**DATASET CONTENT**
★ ★ ★ ★ ★ ★ ★

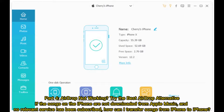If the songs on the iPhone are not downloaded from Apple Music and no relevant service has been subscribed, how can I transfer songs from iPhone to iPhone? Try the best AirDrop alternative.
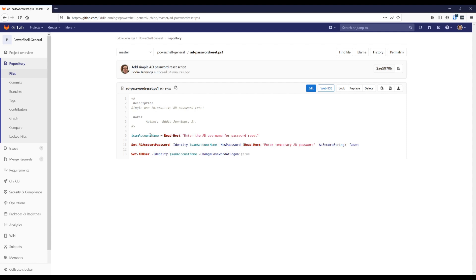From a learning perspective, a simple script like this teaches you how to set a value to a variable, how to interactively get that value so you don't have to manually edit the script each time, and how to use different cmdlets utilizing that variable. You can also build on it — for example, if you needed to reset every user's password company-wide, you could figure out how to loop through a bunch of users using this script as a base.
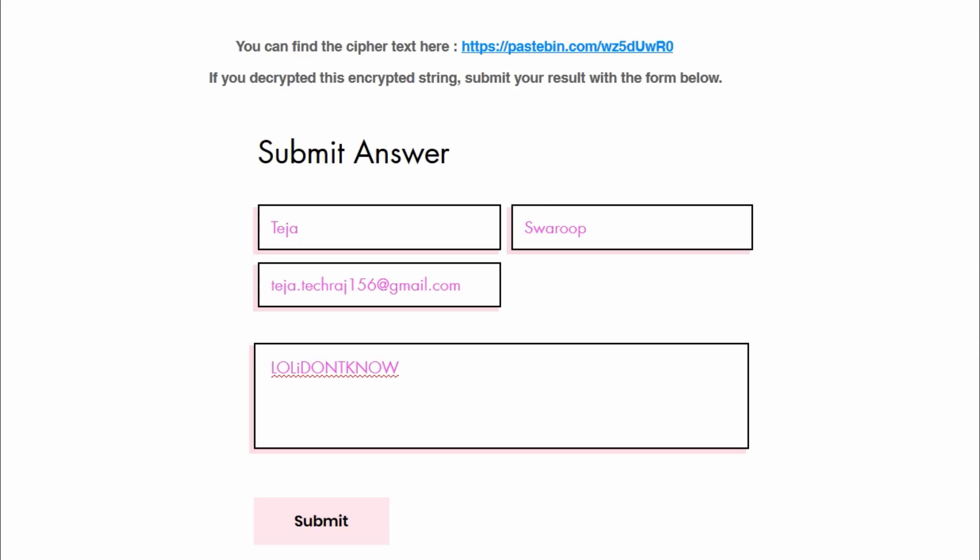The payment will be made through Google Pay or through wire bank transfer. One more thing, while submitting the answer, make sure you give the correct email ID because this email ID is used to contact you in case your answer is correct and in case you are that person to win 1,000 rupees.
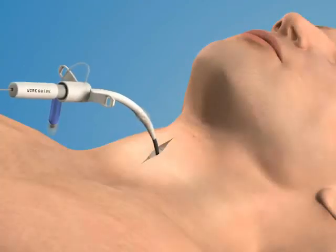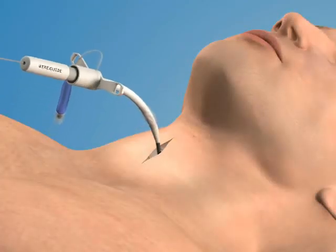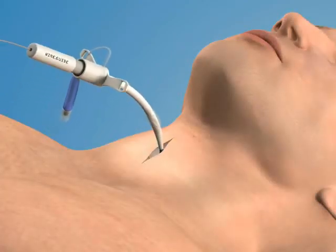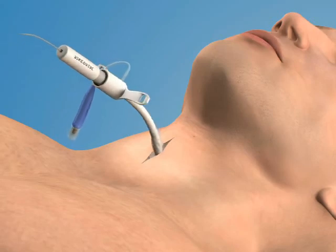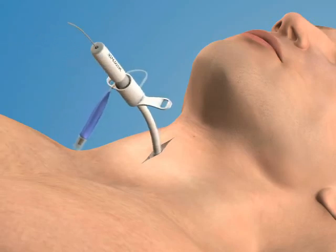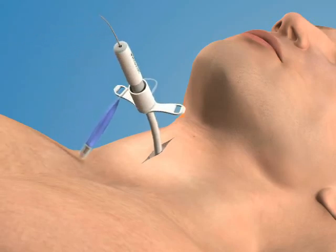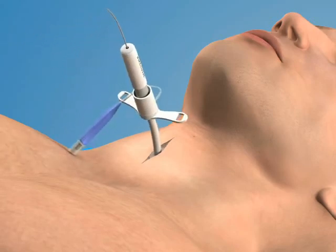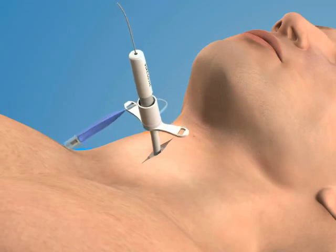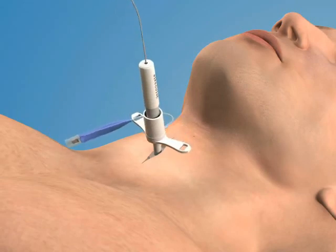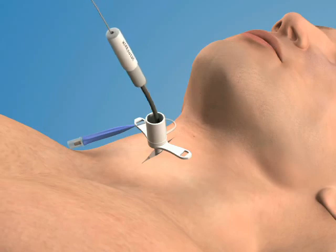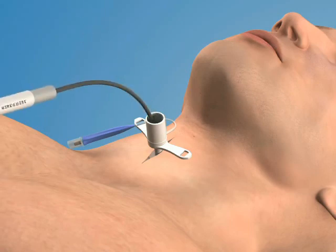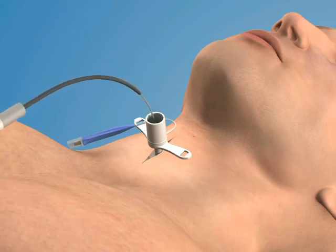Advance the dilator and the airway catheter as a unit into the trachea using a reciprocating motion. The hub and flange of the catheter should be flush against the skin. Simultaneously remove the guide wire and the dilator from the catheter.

★ ★ ★ ★ ★ ★ ★

**TASK GOAL**
If the data includes images, omit them, and set down everything else exactly as above.

**EXERCISE ANSWER**
If the songs on the iPhone are not downloaded from Apple Music and no relevant service has been subscribed, how can I transfer songs from iPhone to iPhone? Try the best AirDrop alternative.
From a learning perspective, a simple script like this teaches you how to set a value to a variable, how to interactively get that value so you don't have to manually edit the script each time, and how to use different cmdlets utilizing that variable. You can also build on it — for example, if you needed to reset every user's password company-wide, you could figure out how to loop through a bunch of users using this script as a base.
The payment will be made through Google Pay or through wire bank transfer. One more thing, while submitting the answer, make sure you give the correct email ID because this email ID is used to contact you in case your answer is correct and in case you are that person to win 1,000 rupees.
Advance the dilator and the airway catheter as a unit into the trachea using a reciprocating motion. The hub and flange of the catheter should be flush against the skin. Simultaneously remove the guide wire and the dilator from the catheter.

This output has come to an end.